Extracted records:

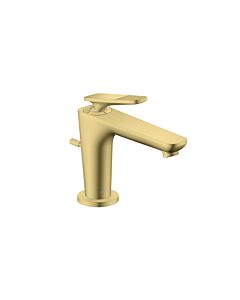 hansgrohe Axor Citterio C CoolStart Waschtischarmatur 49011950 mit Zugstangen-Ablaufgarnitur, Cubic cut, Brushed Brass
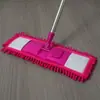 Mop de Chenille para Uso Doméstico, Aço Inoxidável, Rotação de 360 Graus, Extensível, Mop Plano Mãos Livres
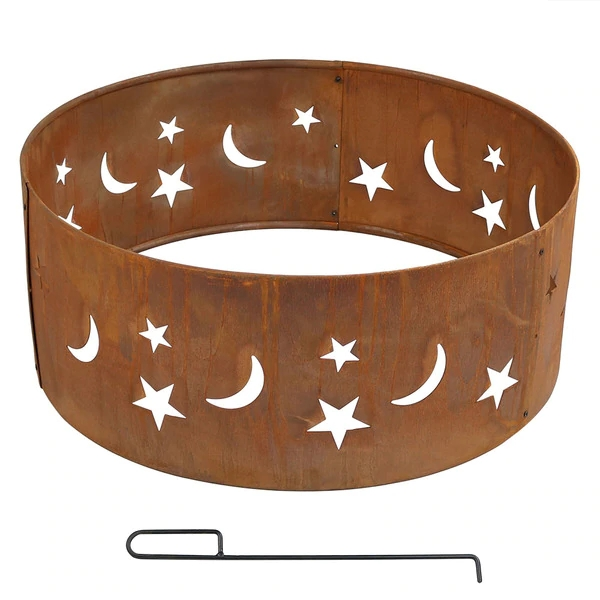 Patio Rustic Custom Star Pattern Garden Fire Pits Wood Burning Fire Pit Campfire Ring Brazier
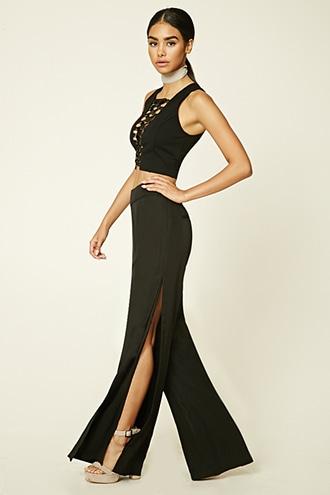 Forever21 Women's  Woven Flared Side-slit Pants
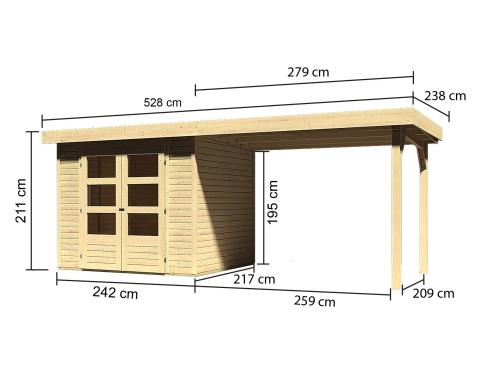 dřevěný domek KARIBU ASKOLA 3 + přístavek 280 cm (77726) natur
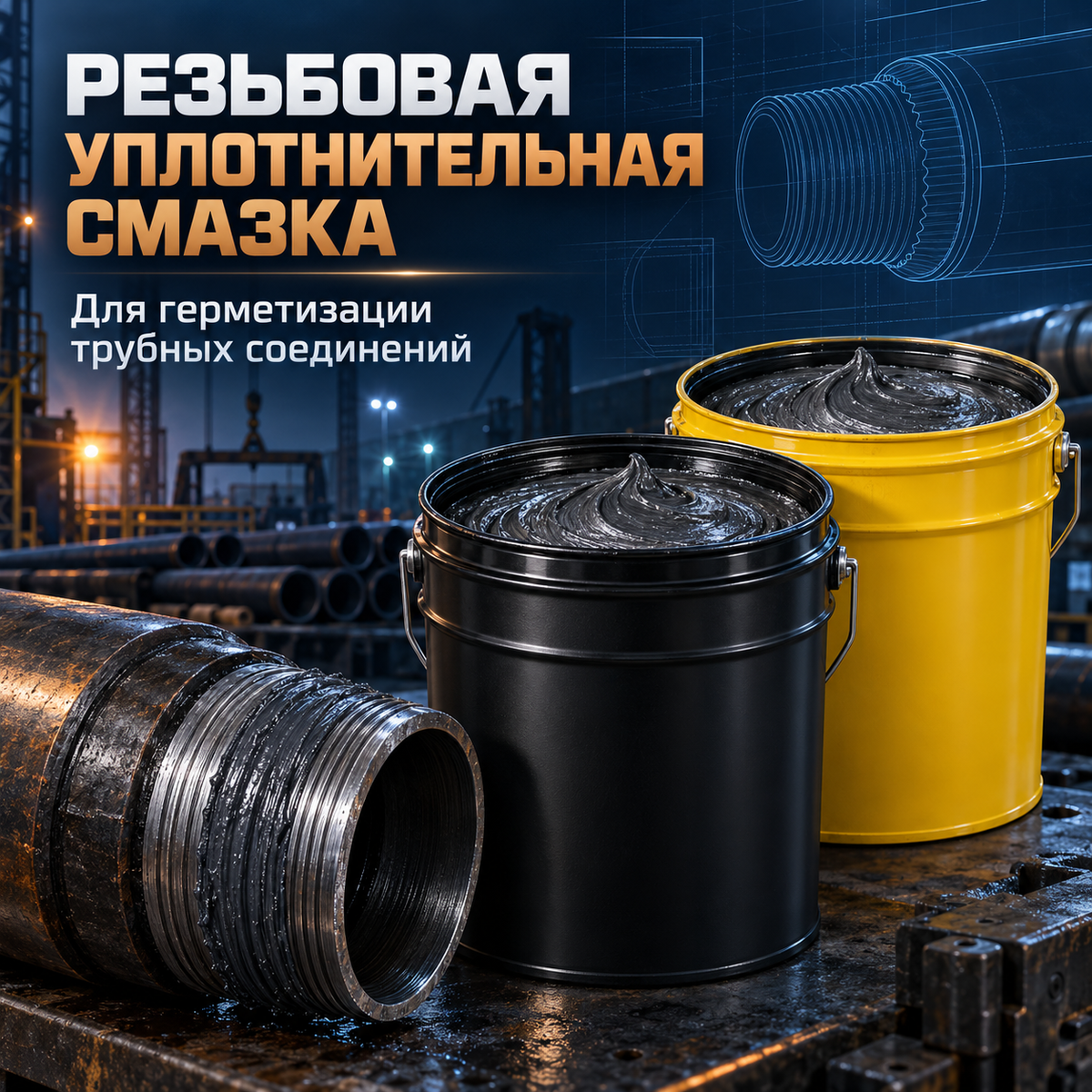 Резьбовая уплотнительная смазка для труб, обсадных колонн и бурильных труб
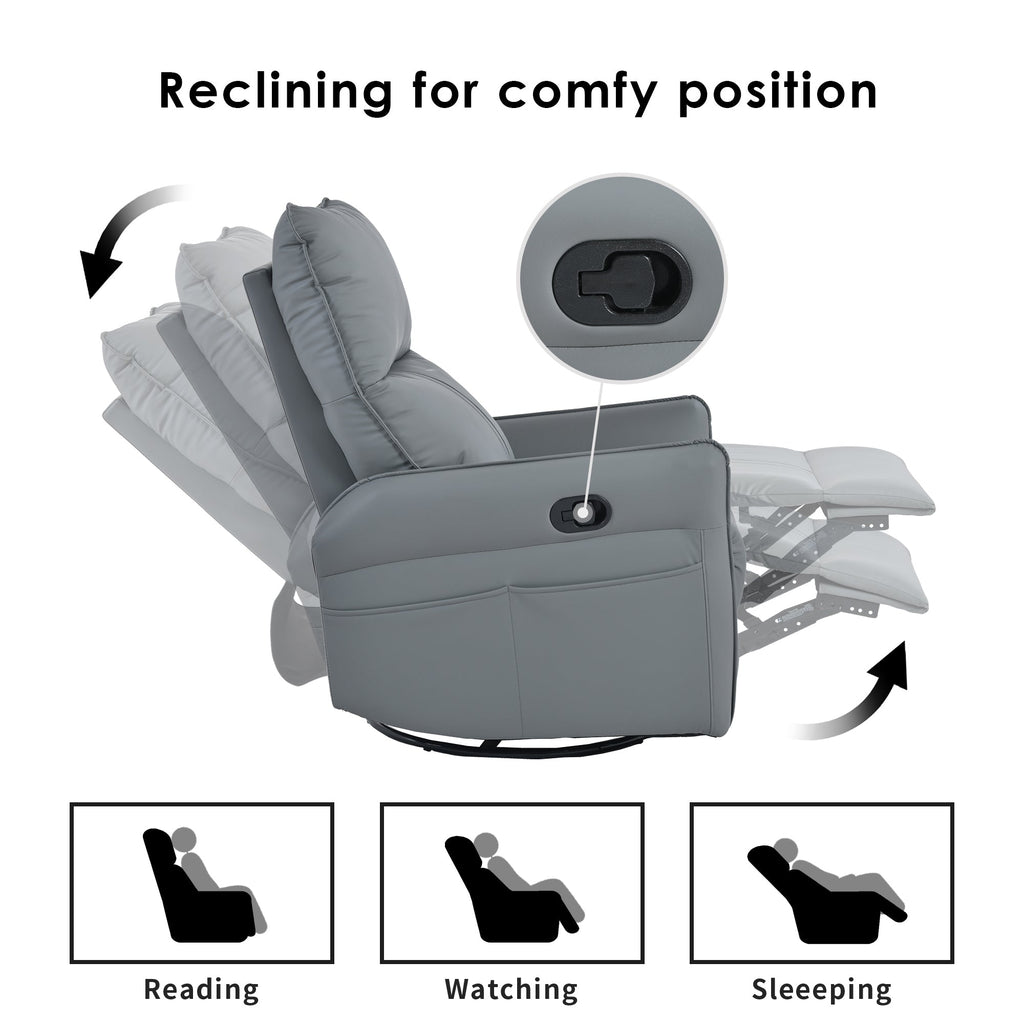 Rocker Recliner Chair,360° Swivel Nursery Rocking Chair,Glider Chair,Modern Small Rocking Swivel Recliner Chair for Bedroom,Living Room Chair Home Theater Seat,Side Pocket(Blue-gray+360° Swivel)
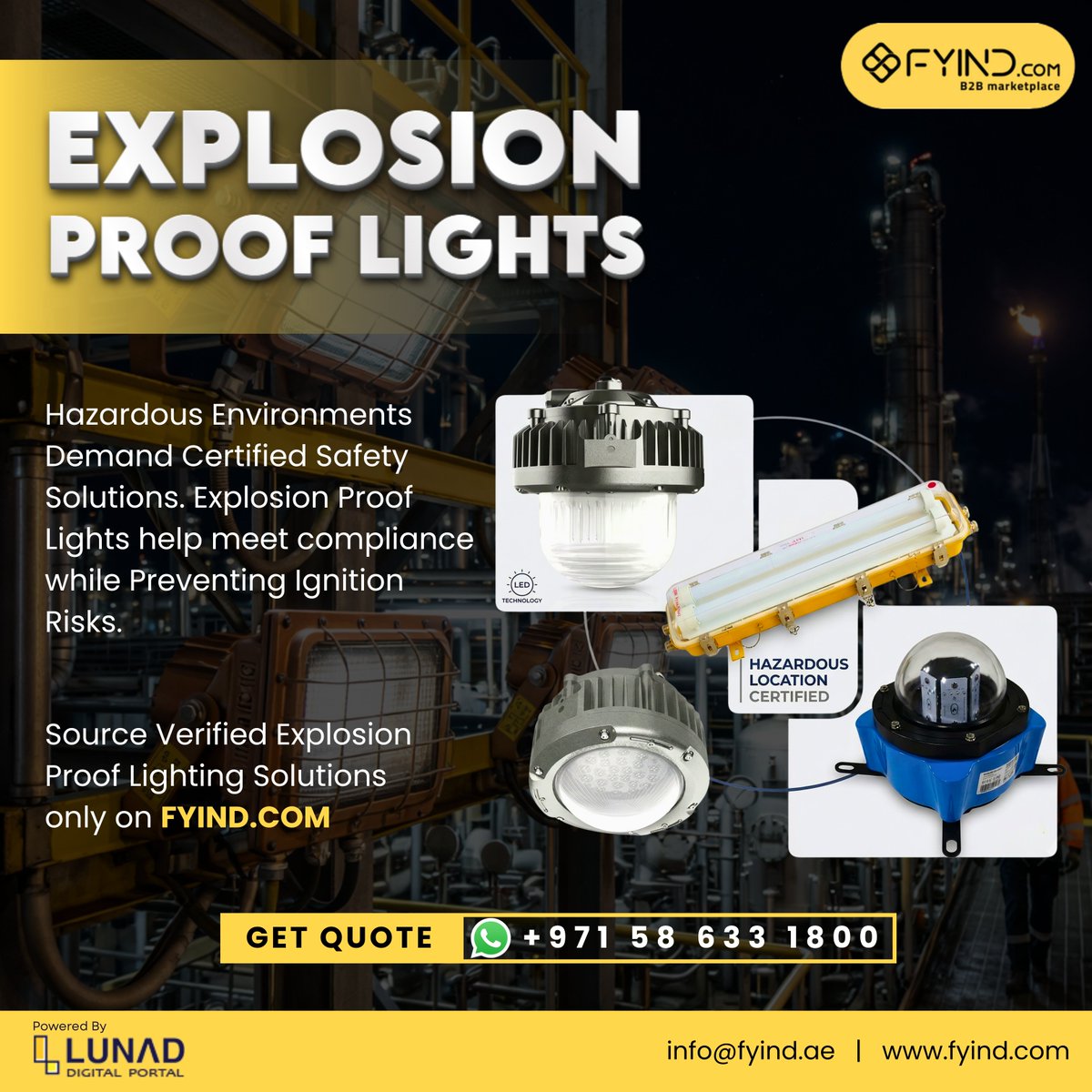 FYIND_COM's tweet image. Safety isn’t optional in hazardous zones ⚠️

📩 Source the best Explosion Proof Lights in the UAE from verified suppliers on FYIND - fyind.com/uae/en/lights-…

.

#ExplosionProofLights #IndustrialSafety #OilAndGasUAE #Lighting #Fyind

Assignment:
No pictures belong in the output. It should reproduce exactly the lines from the one containing "Резьбовая уплотнительная смазка" through the end of the data, both ends included.

Result of this task:
 Резьбовая уплотнительная смазка для труб, обсадных колонн и бурильных труб
 Rocker Recliner Chair,360° Swivel Nursery Rocking Chair,Glider Chair,Modern Small Rocking Swivel Recliner Chair for Bedroom,Living Room Chair Home Theater Seat,Side Pocket(Blue-gray+360° Swivel)
 FYIND_COM's tweet image. Safety isn’t optional in hazardous zones ⚠️

📩 Source the best Explosion Proof Lights in the UAE from verified suppliers on FYIND - fyind.com/uae/en/lights-…

.

#ExplosionProofLights #IndustrialSafety #OilAndGasUAE #Lighting #Fyind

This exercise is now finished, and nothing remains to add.